This is why I blocked Pygoscelis. And yet because you guys insist on continuing to quote him I can never really be free of him. I say “scientific evidence”, he reads that as “evidence, period”. And then says, “How about dowsing, telekinesis, and alien abductions?” That is so, so typical. And so, so telling.
But as long as we are on the subject of aliens, here is another quote from Skeptical Investigations:
Pseudoskeptics tend to accept conventional "explanations" for unconventional phenomena very easily, no matter how weak, contrived or far-fetched. A good historical example is the rejection of the crop circle phenomenon. Doug Bower and David Chorley claimed in 1991 that they had created all of the British crop circles since 1978 (all 2000 of them). This was an extraordinary claim of the highest order. Two old men claimed that for over a decade, they have been creating geometrical designs in crops whose complexity defies easy geometrical construction, but they were never able to demonstrate that they can do what they claim they could do. Any true skeptic would have rejected Bower's and Chorley's claim, since "extraordinary claims require extraordinary evidence”. Yet, the organized skeptics endorsed the claims enthusiastically and denounced the whole crop circle phenomenon a proven hoax…
Let us assume a scenario in a hypothetical new science in which there are two pieces of evidence to be discovered, A and B, each equally credible, each one suggesting an obvious, but incorrect explanation (call them (1) and (2)). (1) and (2) are mutually incompatible, and a third, highly non obvious explanation (3) that accounts for both A and B is actually correct. As chance would have it, one of the two pieces of evidence A,B will be discovered first. Let A be that piece of evidence, and further suppose that the scientists working in that hypothetical field all subscribe to the principle of the double standard. After the discovery of A, they will adopt explanation (1) as the accepted theory of their field.

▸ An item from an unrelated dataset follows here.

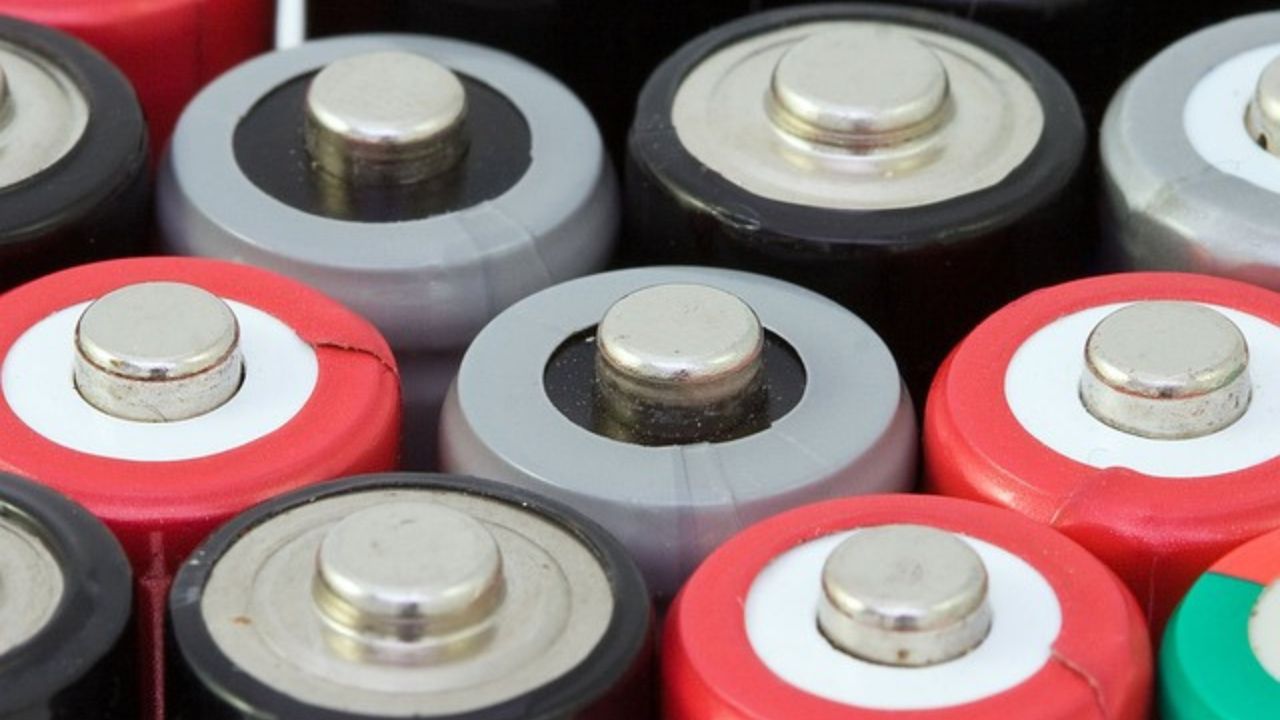 Cientistas querem extrair metais tóxicos de lixo eletrônico a partir de bactérias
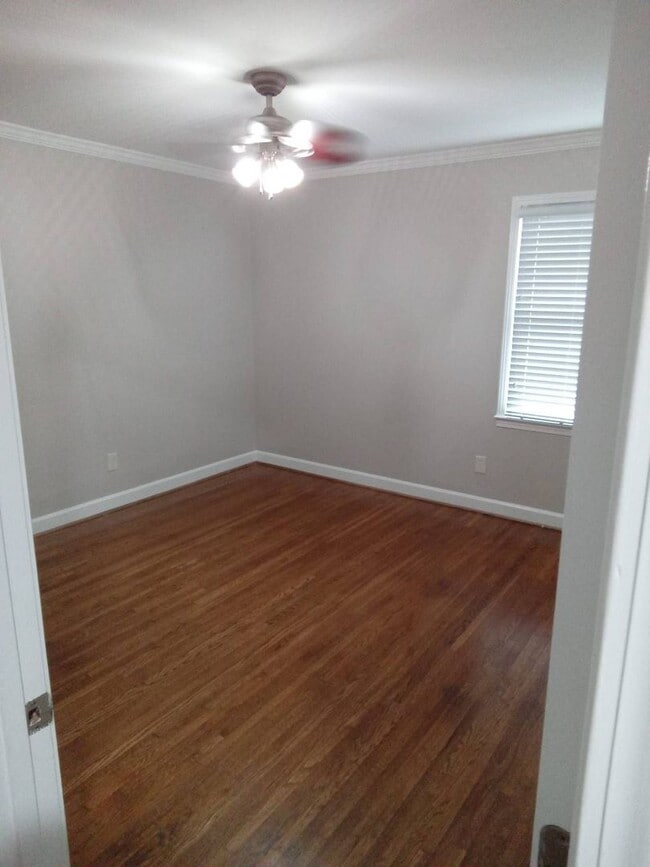 Building Photo - Luxury Condo in Monroe's Beautiful Historic District!  Some Utilities included.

At a later time, when B is discovered, it will be dismissed because it contradicts (1), and because A and B are equally credible, but A is ordinary relative to (1) and B is extraordinary. The end result is that our hypothetical science has failed to self-correct. The incorrect explanation (1) has been accepted, and the correct explanation (3) was never found, because B was rejected. I therefore submit that extraordinary claims require extraordinary evidence is not suitable as a guiding principle for sound scientific research. All evidence, whether it supports accepted theories or not, should be given the same level of critical scrutiny.
Let me note that not only did Chorley and Bower not demonstrate that they were able to do all these crops circles in that space of time, they also didn't offer a scrap of evidence that they ever had done anything at all.
I neither know nor care what the origin of the crop circles was. In fact I think the likeliest explanation for the UFOs people see (most of the time, at least) is top secret military vehicles. According to an episode of How the States Got Their Shapes the sightings tend to be statistically clustered around the type of bases where these things are developed; old military hulls and prototypes have been found and photographed which strongly resemble flying saucers. But the point remains the same regardless of the details of the analogy. That’s why, I think, the second part of the quote was posed in purely hypothetical terms without any specific reference point. It leaves the skeptics reading it with no such outs.